Une modeste école bordant une décharge sauvage

D'après plusieurs experts, une grande part du succès de Paloma est à mettre au crédit de son jeune professeur de 32 ans, Sergio Juarez Correa, affecté malgré lui à José Urbina Lopez de Matamoros, une école sise dans une zone peu sûre. Rudimentaire, le bâtiment aux murs de ciment décatis est privé d'eau courante, de téléphone et borde une décharge sauvage dont les piquants effluves gagnent souvent les salles de classe.

Après plusieurs années à s'appuyer sur les rébarbatives méthodes officielles, qui donnaient des résultats pour le moins frustrants, le jeune professeur a pris l'initiative d'explorer de nouvelles techniques d'enseignement sur l'internet.

Sergio a notamment été interpellé par les procédés privilégiant la curiosité et l'auto-apprentissage inspirés du «concept d'«apprentissage sans influence» du professeur indien Sugata Mitra.

Cette méthode met en avant à la fois le point de vue de l'enfant et sa curiosité, lui laissant le plus possible de champ libre à travers notamment de petits groupes de réflexion.

C'est au cours de ces séances qu'il découvrit le don exceptionnel de Paloma pour les mathématiques, qu'il était loin de soupçonner auparavant. Et c'est grâce à cette méthode qu'il permit à Paloma, mais aussi à neuf autres de ses élèves, de se distinguer lors des concours nationaux.

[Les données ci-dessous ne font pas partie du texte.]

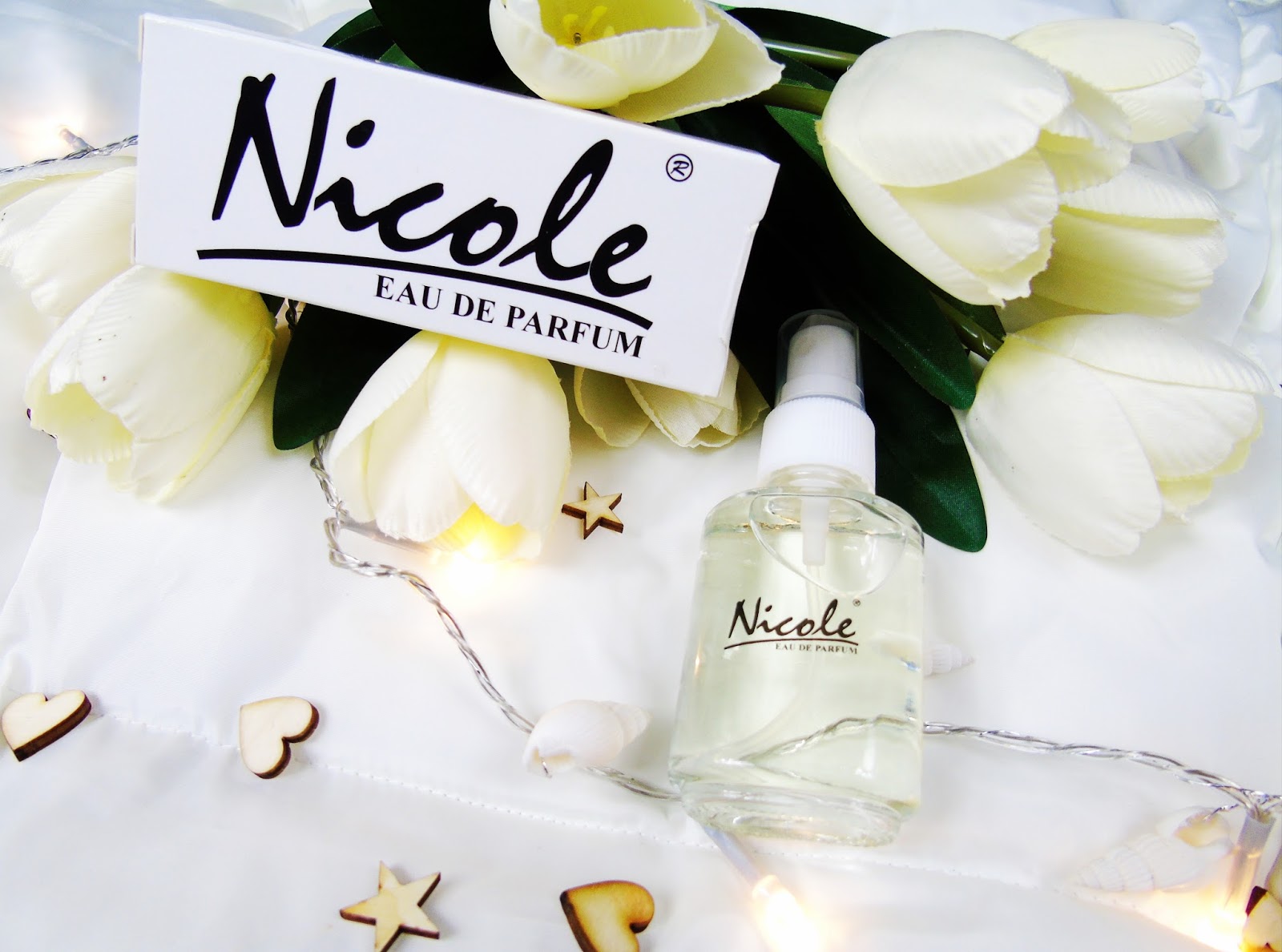 Blog testerski: SMART FILLER NICOLE - Nowa odsÅona perfum ;)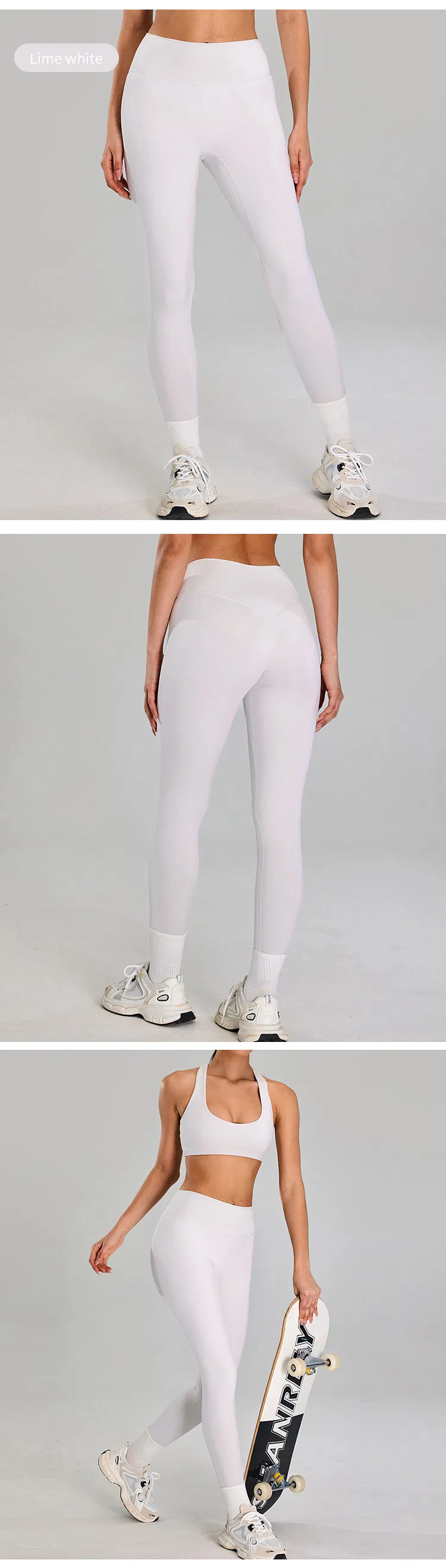 Especificación Leggings 6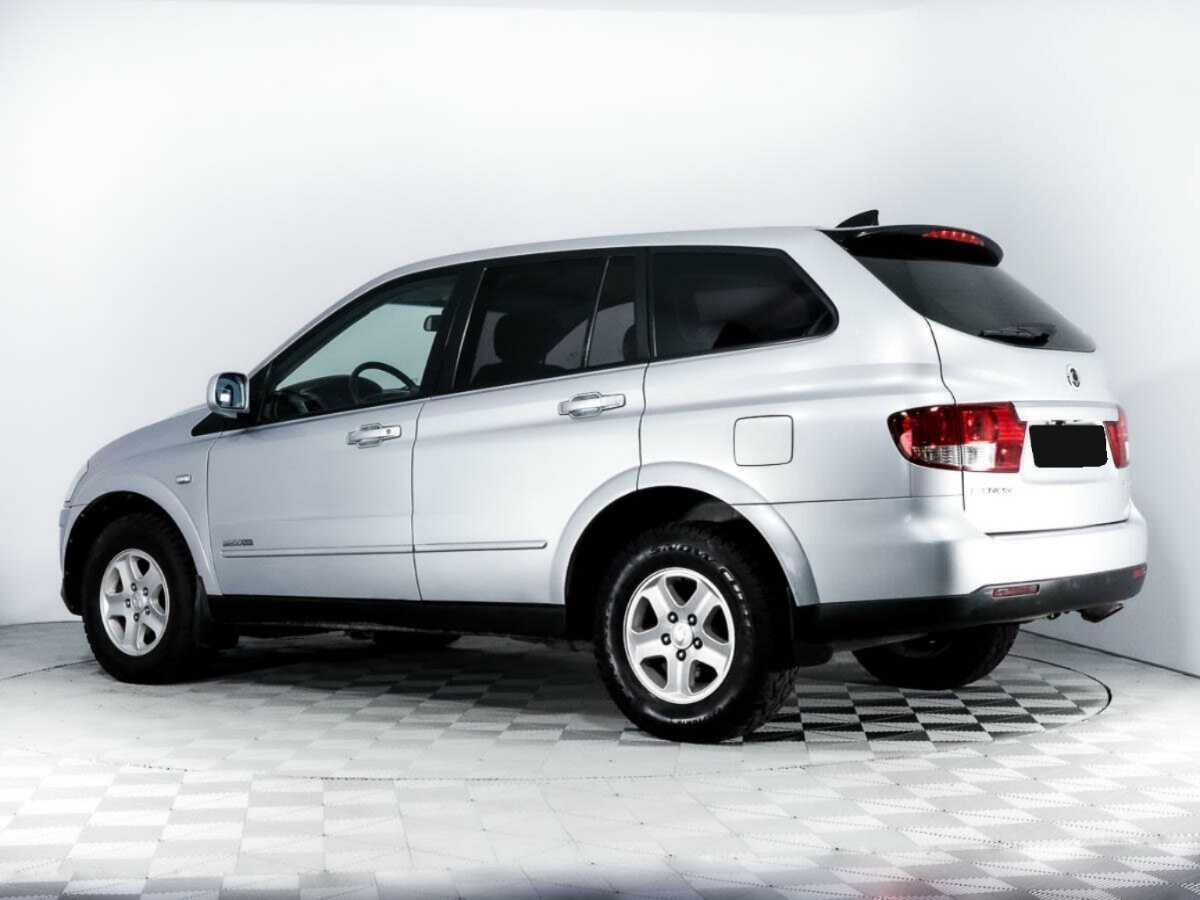 SsangYong Kyron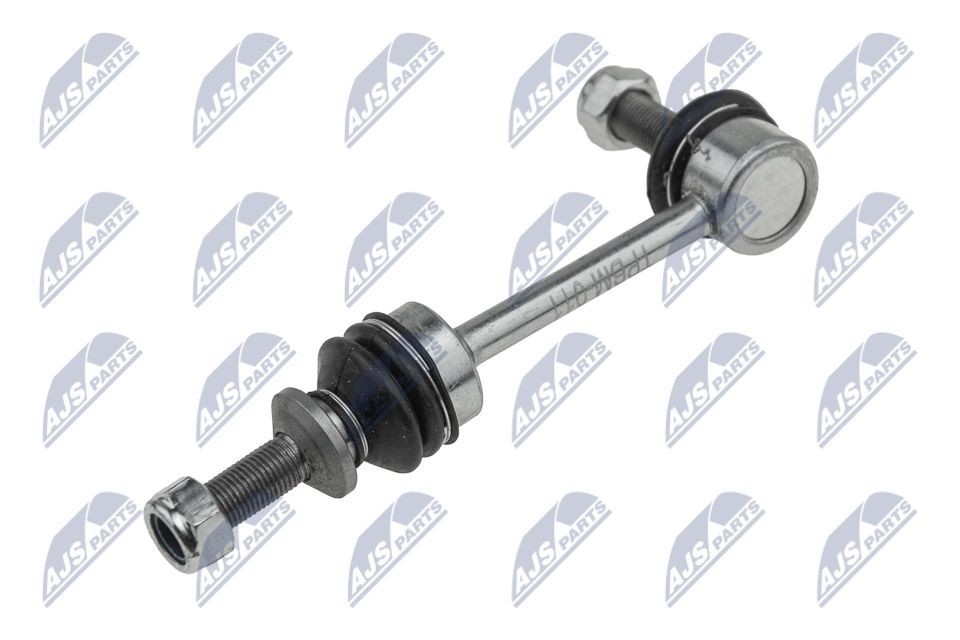 NTY ZLT-BM-011: Stabilisaator, Stabilisaator Tagasild, Tagasild vasakul, Tagasild paremal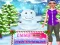 Игра Emma and Snowman Christmas онлајн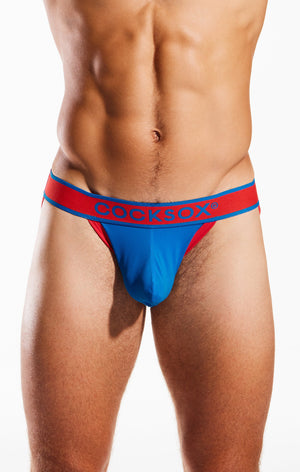 Cocksox Herren CX21N Supplex Jockstrap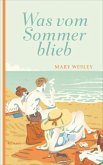 Was vom Sommer blieb (eBook, ePUB)
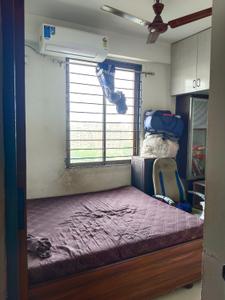 Bedroom Image of 1089 Sq.ft 2 BHK Apartment / Flat for sale in Sahjanand Devkrupa Flora, Nikol Ahmedabad for Rs. 3951000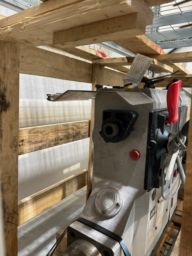 Bormaskin / Drilling machine 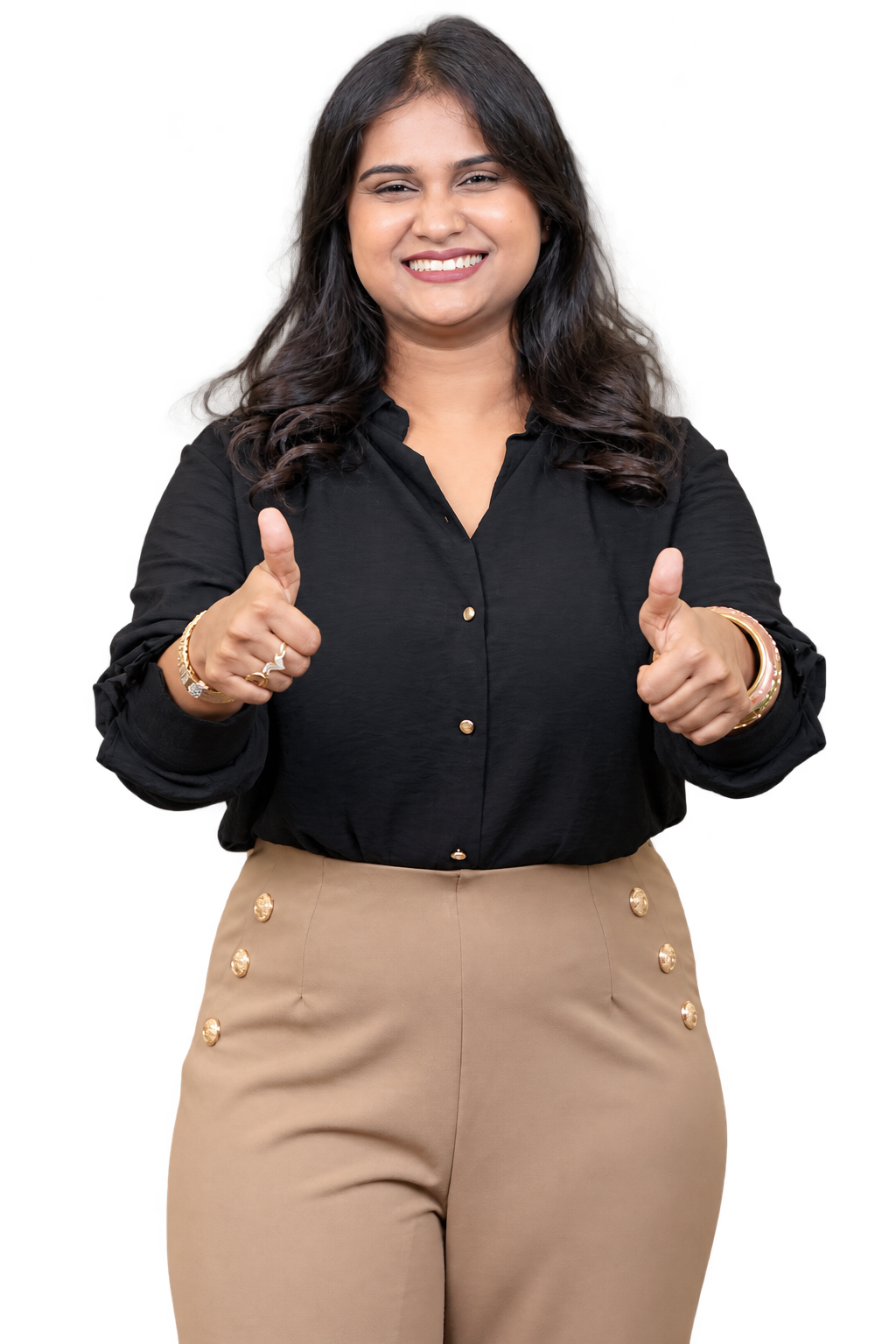 Deepa Rana - Journalist and Podcast Host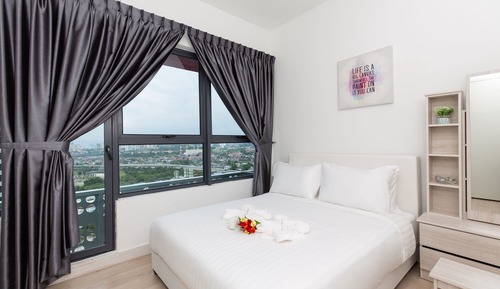 2 Bedroom Apartment
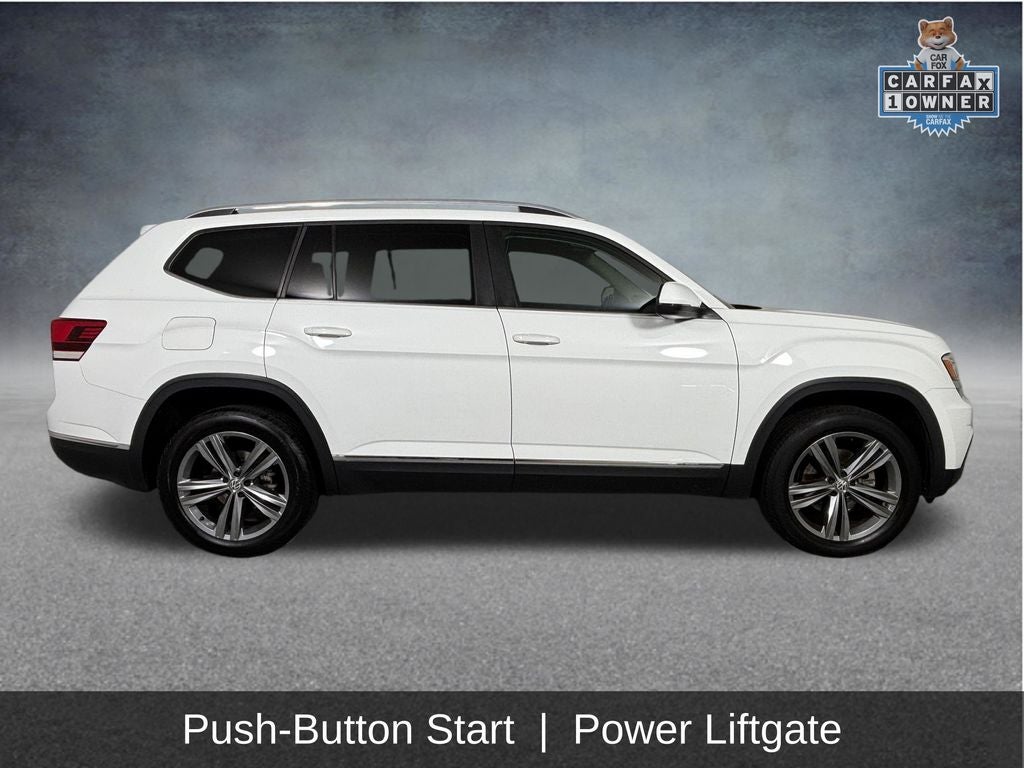 2018 Volkswagen Atlas SEL 4Motion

Mais si l'avenir de la jeune prodige semble s'éclaircir, M. Juarez déplore qu'à Matamoros, elle n'aura jamais les mêmes opportunités qu'un Steve Jobs. Si c'était le cas «elle pourrait devenir un génie dans son domaine», avance-t-il.

«Le système éducatif mexicain est comme un autobus au pied d'une côte dont les sièges sont cassés, les jantes en mauvais état et le moteur totalement détruit», constate le jeune enseignant, en regrettant que la réforme de l'éducation actuellement promue par le gouvernement n'aborde pas les questions des infrastructures et des programmes.

Le Mexique, deuxième puissance économique d'Amérique latine, présente des résultats peu enviables en matière d'éducation, avec par exemple seulement 64 % des élèves qui parviennent à boucler le cycle primaire.

Le gouvernement d'Enrique Peña Nieto tente de reprendre la main sur l'administration éducative, vampirisée ces dernières années par le puissant syndicat du SNTE à tous ses échelons (des nominations aux salaires des professeurs, en passant par les primes et les promotions), mais n'a pas encore annoncé de remise en cause des programmes ni de méthodes souvent considérées comme éculées.